REPUBLIKA.CO.ID, JAKARTA -- Sepanjang 2023, PT Pertamina (Persero) mencatatkan laba total sebesar 4,77 miliar dolar AS atau setara Rp 72,7 triliun (asumsi kurs Rp 15.255 per dolar). Perolehan laba tersebut naik 17 persen dibanding 2022.
Kinerja positif keuangan Pertamina juga terlihat pada EBITDA atau pendapatan sebelum bunga, pajak, depresiasi, dan amortisasi sebesar 14,36 miliar dolar AS. Angka ini naik enam persen dibanding EBITDA di tahun 2022. Sementara, pendapatan konsolidasian tahun 2023 sebesar 75,79 miliar dolar AS.
Direktur Utama PT Pertamina (Persero) Nicke Widyawati menjelaskan, sejak restrukturisasi organisasi, tren kinerja keuangan konsolidasian Pertamina, positif dan terus meningkat dari tahun ke tahun. Di sisi lain, kinerja operasional di seluruh lini, baik holding dan subholding juga semakin solid dan andal.
"Pertamina berhasil mengelola operasinya untuk mempertahankan pertumbuhan laba. Kinerja keuangan pada tahun 2023 meningkat dibandingkan tahun 2022 karena pengelolaan efisiensi, optimalisasi biaya, liabilitas, dan pembayaran kompensasi," kata Nicke, dalam siaran pers, Rabu (12/6/2024).

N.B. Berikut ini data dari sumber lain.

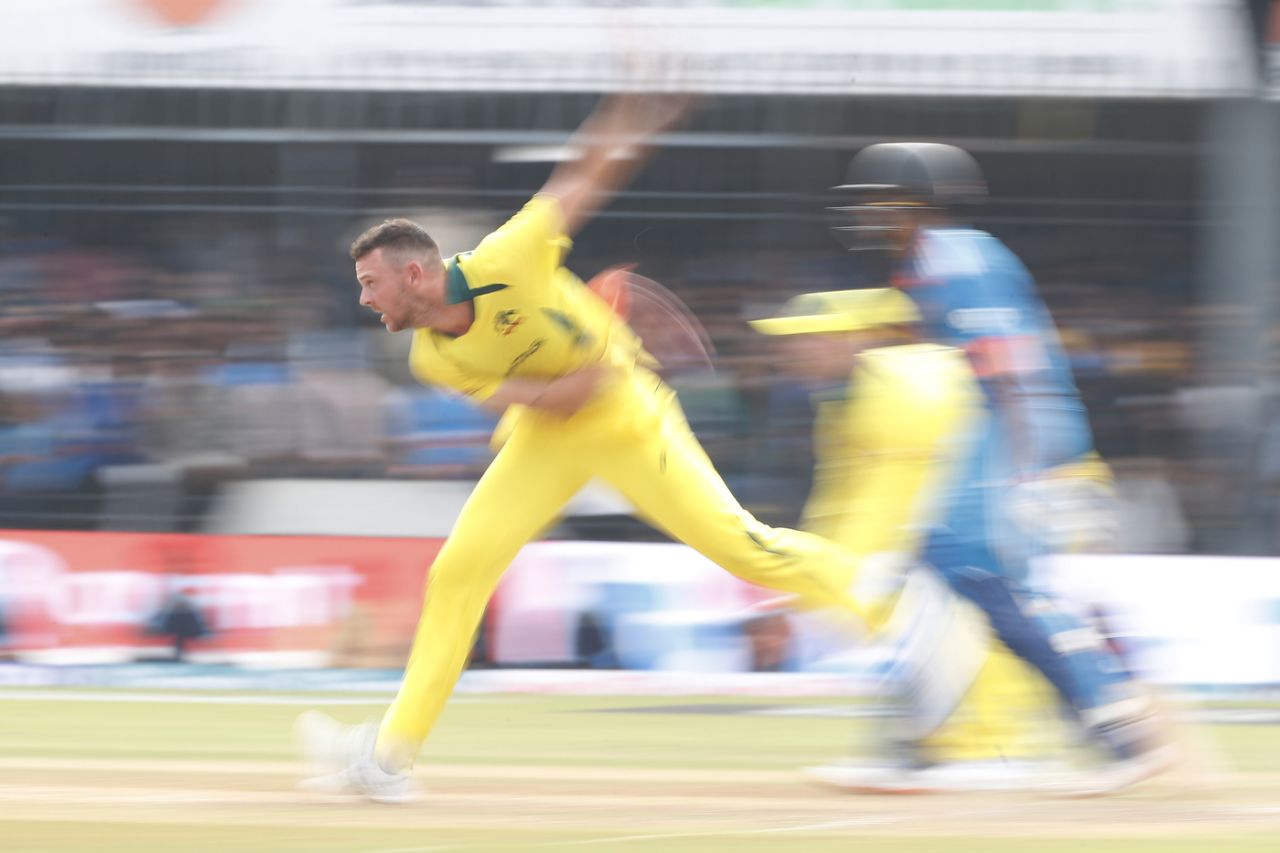 Josh Hazlewood steams in to bowl, India vs Australia, 2nd ODI, Indore, September 24, 2023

Menurut Nicke, restrukturisasi holding subholding tetap berhasil mengedepankan peran kolaborasi aktif melalui orkestrasi sejumlah inisiatif strategis di sektor finansial. Selain melakukan cost optimization, upaya penghematan biaya bunga, strategi transaksi lindung nilai valuta asing, suku bunga, dan komoditas, serta upaya memitigasi risiko valas dan kredit berhasil menghindarkan potensi kerugian serta menciptakan kontribusi sekitar 1,1 miliar dolar AS.
Ia menambahkan, kinerja keuangan Pertamina yang positif, juga tidak terlepas dari dukungan pemerintah yang tercermin pada pembayaran kompensasi harga selama tahun 2023, mencapai Rp 119,31 triliun (di luar pajak).
"Kami sangat mengapresiasi Pemerintah yang terus mendukung Pertamina secara konsisten melalui revisi peraturan yang memungkinkan pembayaran lebih cepat, penyesuaian harga produk, dan peningkatan anggaran," ujar Nicke.
Tidak hanya dari aspek keuangan, kinerja operasional Pertamina yang ditopang oleh enam Subholding dan anak usahanya juga bertumbuh. Di sektor environmental, social, governance (ESG), Nicke menegaskan kembali komitmen Pertamina dalam mengejar target pengurangan emisi gas rumah kaca sebesar 32 persen pada 2030.
Ada berkontribusi dalam mitigasi perubahan iklim, serta untuk mendukung pencapaian Net Zero Emission (NZE) Pemerintah Indonesia. Pencapaian pertumbuhan aspek ESG Pertamina terlihat pada skor Pertamina per 1 Desember 2023 menjadi 20,7 (Medium Risk) atau naik dari sebelumnya 22,1 (Medium Risk). Adapun skor Sustainalytics yang lebih rendah mencerminkan tingkat risiko yang lebih baik.
"Peringkat risiko ESG Pertamina naik menjadi peringkat satu dunia dalam sub-industri Integrated Oil and Gas dari 61 perusahaan dunia," ujarnya.
Vice President Corporate Communication Pertamina Fadjar Djoko Santoso menambahkan, Pertamina mengatasi tantangan tahun 2023 dengan berbagai upaya. Itu sebagai wujud komitmen perusahaan menjaga kinerja di sisi operasional dan finansial, juga ketahanan energi nasional.
"Dengan dukungan dari semua stakeholder, Pertamina mampu mencapai kinerja yang bertumbuh pada 2023. Pada tahun 2024 ini, kami akan terus berupaya menjaga kinerja positif dan memberikan manfaat untuk masyarakat," ujar Fadjar.
Pertamina sebagai perusahaan pemimpin di bidang transisi energi, berkomitmen dalam mendukung target Net Zero Emission 2060 dengan terus mendorong program-program yang berdampak langsung pada capaian Sustainable Development Goals (SDGs). Seluruh upaya tersebut sejalan dengan penerapan ESG di seluruh lini bisnis dan operasi perusahaan.